Toyota has been keeping people waiting for their new plug-in Prius for a long time now. Consumesearch drove a prototype of the Prius V set to enter the market in 2012 and made a list of the enhancements it will feature compared to a present-day non-plug-in Prius.
First, there’s this software EV-only and gasoline-only mode differentiation that past Prius versions lacked. All sorts of modders and hackers anticipated this need and modified their cars to feature them, but it took a while until Toyota put it into their regular, mainstream product. So, in other words, in the new Prius V you’ll be able to switch to gasoline-only mode and preserve the battery’s charge, something you couldn’t do in a classic Prius.
If you hit the highway right after you left home and then needed in-town efficiency (in a classic Prius), you’d be left with only a running gasoline engine, since the battery would be empty by then. That won’t happen in a 2012 Prius V. Small software modification, bit impact.
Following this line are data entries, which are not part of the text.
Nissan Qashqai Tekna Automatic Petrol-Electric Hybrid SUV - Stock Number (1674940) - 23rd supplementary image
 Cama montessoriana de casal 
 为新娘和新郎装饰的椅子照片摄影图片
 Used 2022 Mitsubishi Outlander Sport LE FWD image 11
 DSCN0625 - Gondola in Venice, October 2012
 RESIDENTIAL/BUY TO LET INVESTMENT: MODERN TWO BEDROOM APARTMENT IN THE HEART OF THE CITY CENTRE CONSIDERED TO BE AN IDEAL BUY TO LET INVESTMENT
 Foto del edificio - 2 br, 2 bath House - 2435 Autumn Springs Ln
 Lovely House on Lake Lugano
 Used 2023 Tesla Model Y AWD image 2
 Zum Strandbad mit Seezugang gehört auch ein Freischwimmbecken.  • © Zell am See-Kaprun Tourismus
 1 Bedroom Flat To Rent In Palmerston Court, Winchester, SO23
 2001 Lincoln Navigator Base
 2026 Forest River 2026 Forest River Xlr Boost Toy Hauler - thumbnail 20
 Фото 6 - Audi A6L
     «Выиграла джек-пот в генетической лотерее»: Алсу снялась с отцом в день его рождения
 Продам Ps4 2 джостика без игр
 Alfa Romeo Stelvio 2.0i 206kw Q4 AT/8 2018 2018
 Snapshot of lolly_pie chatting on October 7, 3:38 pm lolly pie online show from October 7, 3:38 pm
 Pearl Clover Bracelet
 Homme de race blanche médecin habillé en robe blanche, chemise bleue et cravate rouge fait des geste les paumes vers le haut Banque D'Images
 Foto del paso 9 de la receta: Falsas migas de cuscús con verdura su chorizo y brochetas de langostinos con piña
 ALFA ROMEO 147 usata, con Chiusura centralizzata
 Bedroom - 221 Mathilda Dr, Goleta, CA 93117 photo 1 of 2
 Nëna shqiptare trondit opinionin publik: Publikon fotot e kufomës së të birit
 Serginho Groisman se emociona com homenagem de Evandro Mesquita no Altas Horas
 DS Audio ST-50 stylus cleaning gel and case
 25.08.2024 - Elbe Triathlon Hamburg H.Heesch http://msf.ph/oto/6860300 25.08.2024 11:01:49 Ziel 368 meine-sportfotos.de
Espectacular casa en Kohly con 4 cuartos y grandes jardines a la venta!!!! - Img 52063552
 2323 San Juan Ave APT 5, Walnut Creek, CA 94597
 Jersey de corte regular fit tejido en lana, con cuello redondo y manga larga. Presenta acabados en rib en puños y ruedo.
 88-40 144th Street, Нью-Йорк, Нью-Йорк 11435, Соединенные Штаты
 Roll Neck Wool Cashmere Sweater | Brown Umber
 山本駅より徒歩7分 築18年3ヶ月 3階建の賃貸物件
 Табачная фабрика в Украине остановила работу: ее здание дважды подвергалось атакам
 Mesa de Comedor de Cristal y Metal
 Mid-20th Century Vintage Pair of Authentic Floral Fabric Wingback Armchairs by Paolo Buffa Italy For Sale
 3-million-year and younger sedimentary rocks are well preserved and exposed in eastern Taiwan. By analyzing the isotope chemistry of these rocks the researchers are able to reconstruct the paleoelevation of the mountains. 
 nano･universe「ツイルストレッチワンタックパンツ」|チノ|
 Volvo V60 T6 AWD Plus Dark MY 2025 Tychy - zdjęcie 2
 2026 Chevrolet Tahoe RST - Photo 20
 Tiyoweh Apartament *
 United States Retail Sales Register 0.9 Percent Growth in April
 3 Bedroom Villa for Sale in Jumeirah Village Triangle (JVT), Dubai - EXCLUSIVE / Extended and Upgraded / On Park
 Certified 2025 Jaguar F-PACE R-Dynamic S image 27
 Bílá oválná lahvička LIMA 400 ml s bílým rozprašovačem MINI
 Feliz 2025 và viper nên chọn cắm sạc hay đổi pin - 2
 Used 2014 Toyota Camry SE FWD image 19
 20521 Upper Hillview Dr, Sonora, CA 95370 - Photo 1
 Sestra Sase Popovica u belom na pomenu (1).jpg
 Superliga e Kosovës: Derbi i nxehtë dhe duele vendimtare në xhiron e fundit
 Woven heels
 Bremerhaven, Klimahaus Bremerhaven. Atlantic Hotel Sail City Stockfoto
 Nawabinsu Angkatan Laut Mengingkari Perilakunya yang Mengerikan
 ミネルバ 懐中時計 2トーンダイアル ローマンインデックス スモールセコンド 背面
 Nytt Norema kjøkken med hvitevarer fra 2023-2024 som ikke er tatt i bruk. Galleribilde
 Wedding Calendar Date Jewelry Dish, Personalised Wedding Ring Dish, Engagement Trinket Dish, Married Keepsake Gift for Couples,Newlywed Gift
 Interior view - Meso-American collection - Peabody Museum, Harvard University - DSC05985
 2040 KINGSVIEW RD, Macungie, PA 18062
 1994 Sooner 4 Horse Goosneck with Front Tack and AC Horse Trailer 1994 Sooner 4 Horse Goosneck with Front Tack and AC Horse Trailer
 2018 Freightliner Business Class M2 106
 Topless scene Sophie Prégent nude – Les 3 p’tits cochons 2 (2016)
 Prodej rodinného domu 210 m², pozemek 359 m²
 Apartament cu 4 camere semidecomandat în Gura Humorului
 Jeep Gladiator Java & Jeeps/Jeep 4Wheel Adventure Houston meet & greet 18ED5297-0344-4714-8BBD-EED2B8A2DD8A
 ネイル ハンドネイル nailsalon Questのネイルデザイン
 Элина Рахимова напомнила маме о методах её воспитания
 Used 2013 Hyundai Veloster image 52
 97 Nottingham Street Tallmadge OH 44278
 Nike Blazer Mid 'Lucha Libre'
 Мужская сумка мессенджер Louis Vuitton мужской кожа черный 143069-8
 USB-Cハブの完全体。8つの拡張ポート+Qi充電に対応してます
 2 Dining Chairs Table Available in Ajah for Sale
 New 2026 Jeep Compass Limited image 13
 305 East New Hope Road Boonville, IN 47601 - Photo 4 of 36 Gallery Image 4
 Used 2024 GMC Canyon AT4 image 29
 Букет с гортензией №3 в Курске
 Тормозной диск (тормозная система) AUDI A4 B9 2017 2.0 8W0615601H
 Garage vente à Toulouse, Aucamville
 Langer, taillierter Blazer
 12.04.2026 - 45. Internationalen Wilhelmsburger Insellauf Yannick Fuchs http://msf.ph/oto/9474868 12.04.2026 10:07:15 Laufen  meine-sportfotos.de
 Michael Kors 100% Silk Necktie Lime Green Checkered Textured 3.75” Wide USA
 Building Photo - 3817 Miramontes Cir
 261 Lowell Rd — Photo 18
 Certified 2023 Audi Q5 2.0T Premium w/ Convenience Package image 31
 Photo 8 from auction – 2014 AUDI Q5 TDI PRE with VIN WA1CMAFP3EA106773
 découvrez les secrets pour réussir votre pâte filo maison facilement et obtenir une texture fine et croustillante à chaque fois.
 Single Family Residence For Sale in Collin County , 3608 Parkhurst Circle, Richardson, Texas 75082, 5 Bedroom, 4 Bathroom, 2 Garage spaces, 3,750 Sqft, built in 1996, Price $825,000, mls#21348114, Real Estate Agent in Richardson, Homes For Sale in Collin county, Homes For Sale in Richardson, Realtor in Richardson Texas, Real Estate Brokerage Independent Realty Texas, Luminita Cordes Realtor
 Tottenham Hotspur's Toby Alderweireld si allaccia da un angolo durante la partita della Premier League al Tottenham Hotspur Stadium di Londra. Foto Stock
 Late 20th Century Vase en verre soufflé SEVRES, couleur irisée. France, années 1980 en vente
Another feature the 2012 Prius V will have is it will allow you to regenerate the EV-only mode not only by connecting the car to the grid, but also from the gasoline engine. This feature is added to the standard regenerative system found in regular Priuses and used when braking or coasting.
These are the changes revealed so far by Toyota by letting people test their prototypes. They may have more enhancements, but they’ll be unveiled one by one, and they’ll surely reach the GM Volt’s capabilities. Toyota already has a name in this industry and niche, and even though its EV-only mode is only 13 miles, it will still help a lot of hypermilers reach records never heard of before. That creates a tight competition, which is only good for the consumer.